7:34 PM | SYDNEY CENTRAL

“It felt like a firework,” it is the moment right before the sky illuminates with colors that don’t belong, the silence before the bang and the calm ache for simple wonders. Fireworks are freeing, the way they streak the sky - not knowing which direction they will take until they taste the open air. I sat on the mesh blue carpet in our room, as she explained it to me. This personified choice of leaving, which tugs inside of you unable to be ignored, demanding a presence. “There must be more, it told me…” Prior to leaving the country, she had only known one person who ventured into the “outside”. “There is no choice for girls who grow up where I did. You attend school and then build a family”, she explained, that because most of the media is censored by her government, she had little to no way of seeing the places she intended to travel to - only being able to build up her future through the eyes of a friend who had visited these places, strung together by her imagination and hopefulness. “He said, ‘you must go - you must see these things. They will disagree, it will be hard on your family, but it will be harder on you if you do not’. So I left…” That is when the fireworks began.

Our conversation took place about 3 months after she had made this decision. The hostel bunk in which she occupied had been her home during this time and throughout her stay she’d shared walls with backpackers from a multitude of different places, all heading in different directions. “Most come and go, just want sleep and no conversation. There are few who will ask about me or need to know where the toilet is…I mostly keep to myself, it’s easier that way”. To support her newfound self, she works as a waitress in a nearby restaurant, hoping to eventually save enough money to explore beyond Sydney. “I hear about the east coast from people who are starting or finishing, I will go one day”.

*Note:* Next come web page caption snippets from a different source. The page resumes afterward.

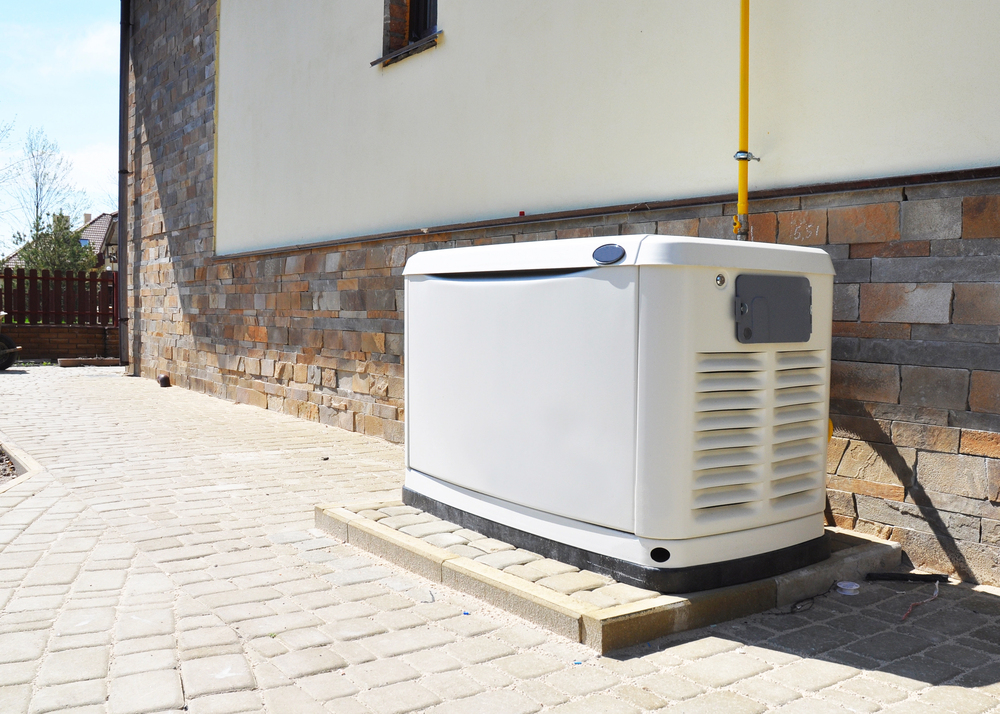 A white standby generator installation is completed on a concrete pad next to a house with a stone and stucco exterior.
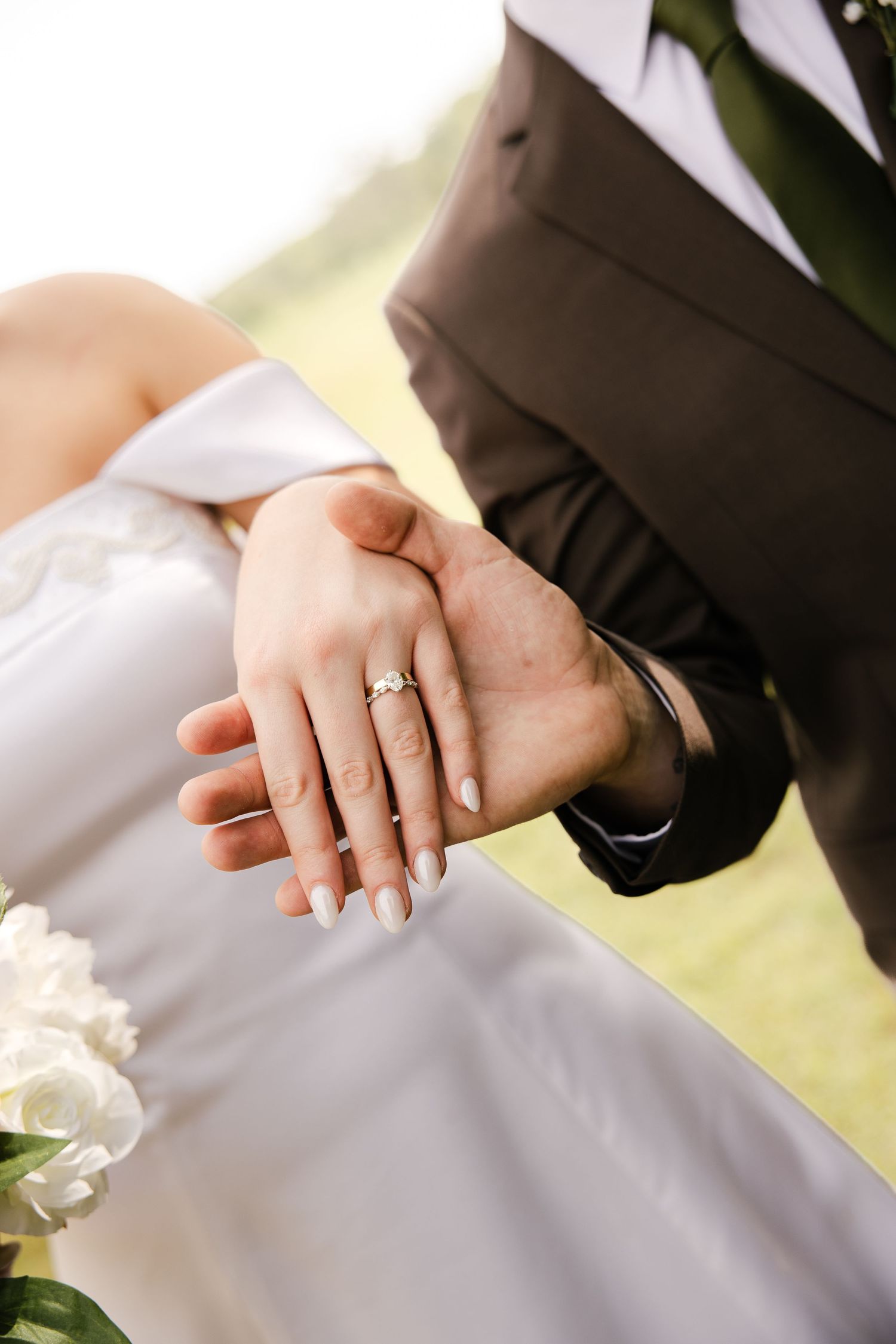 Close-up of a bride and groom holding hands, showing a diamond engagement ring and wedding band against a white dress and brown suit.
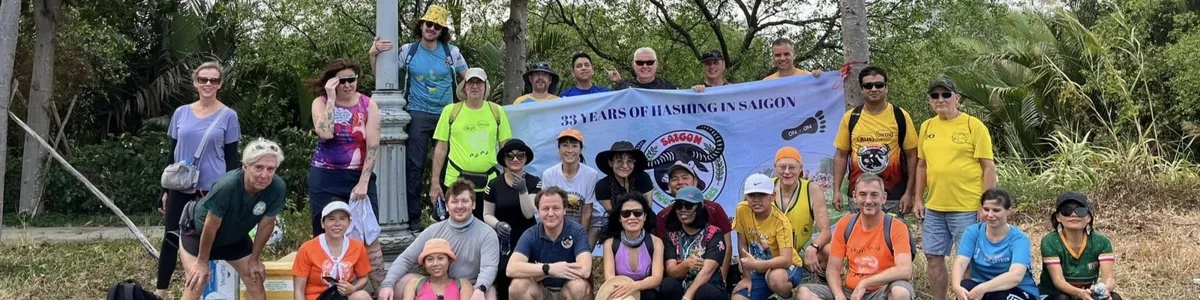 Saigon Hash House Harriers group photo with banner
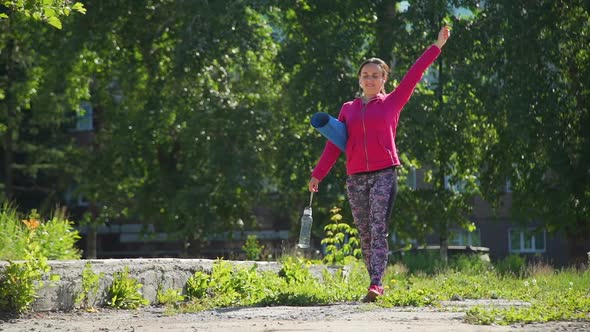 Fit Woman Walking After Work Out in a Summer Park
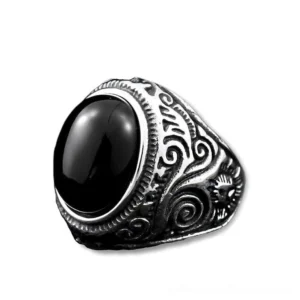 Gothic onyx statement ring in silver finish featuring polished black oval stone with ornate band details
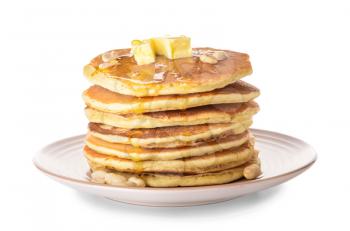 Tasty pancakes with butter on white background�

The backpacker route she was referring to stretches along the Australian coastline and has become popular for highlighting some of the country’s most famed destinations. Most people start in Sydney or just south in Melbourne, and through a series of buses and trains, ride up to Cairns, hopping on/off in the eclectic beach towns that dot the eastern shorelines. My plan was to do just this. I would stay in Sydney for about 5 days, then head north on a flexible 6-week trek that would allow me to stay/skip the towns my bus route ran through. This conversation found me on my 3rd day in Sydney Central.

Our exchange effortlessly rolled into my story. It felt weird to share my travels plans, as I knew I’d be falling into the same population my roommate had seen walk through the revolving door of our hostel, but I couldn’t help it. I found myself rambling on, stating the same spiel I had given over and over again to friends/family in the months leading up to my trip. About midway through my speech, I realized there was something different about this conversation, which set it apart from the 20ish times I had it previously. She was studying my every word, really piecing together a visual; it was calculated and reminded me of talking to a kid who’s discovering something for the first time. Then it occurred to me, we often walk through this world on autopilot, so accustom to the views from our sheltered routines. We take the words we share for granted, because they are just another one of the many forms of expression we have at our disposal. But what if the words from others were all that you had. Would we listen with more intent, take in all there is to take in? Would I have been able to get on a flight, as my roommate had, if I had only a slight idea of what would be waiting for me once I touched the ground again?

“It makes me sad sometimes that my family may never see the things I see,” she explained, and then shared that the last contact she had with her parents was informing them she had landed safely in Australia. Since then, she had tried to reach out, but because of their objection of her decision to leave, she had pretty much been cut off and was now considered a disgrace, “when it is hard, I talk to my friend who shares these places with me first, he shares the same feeling of fireworks that is in my heart”.

The lights in Sydney Central shine brightest between the hours of 7pm and midnight. It is when the streets truly come alive and offer a perspective different than that found in daylight. Although the heart of the city remains the same, the darkness gives it room to breathe in a way that, when the sun is still present, it cannot. Our hostel window sat about four floors up from a busy intersection, you would really only notice was there in the evening, when alternating red and green traffic signals spill into our room. “I want people like my family to know that on the outside they may not look the same, but on the inside, everyone has the same heart”. I sat back against the communal lockers, in complete awe of this stranger before me. In complete admiration of her for braving the world, as powerful as she had with the little she’d know of it, and furthermore, do so while carrying no support from those closest to her. It was not until I wrote this quote down in my journal a few days later that I realized the depth to which my roommate was speaking. When you strip away the societal expectations and preconceived ideologies, you create a space where it is possible to connect and ultimately realize, that we are all out here chasing the same feeling in our hearts anyway, sometimes you just need to stop and listen.

In the typical chaotic nature of living in a hostel, our conversation was abruptly cut off by another one of our suitemates, bursting through the door talking all too loud on her phone. After she hung up, she greeted us and asked if we knew what was going on in Darling Harbour that night. Although my jetlag was beginning to ware, I still had zero concept of time, let alone where I was on a map, so I shook my head confused.

“It’s Saturday night! They do a firework show out by the bridge in like 20 minutes, do you want to go?”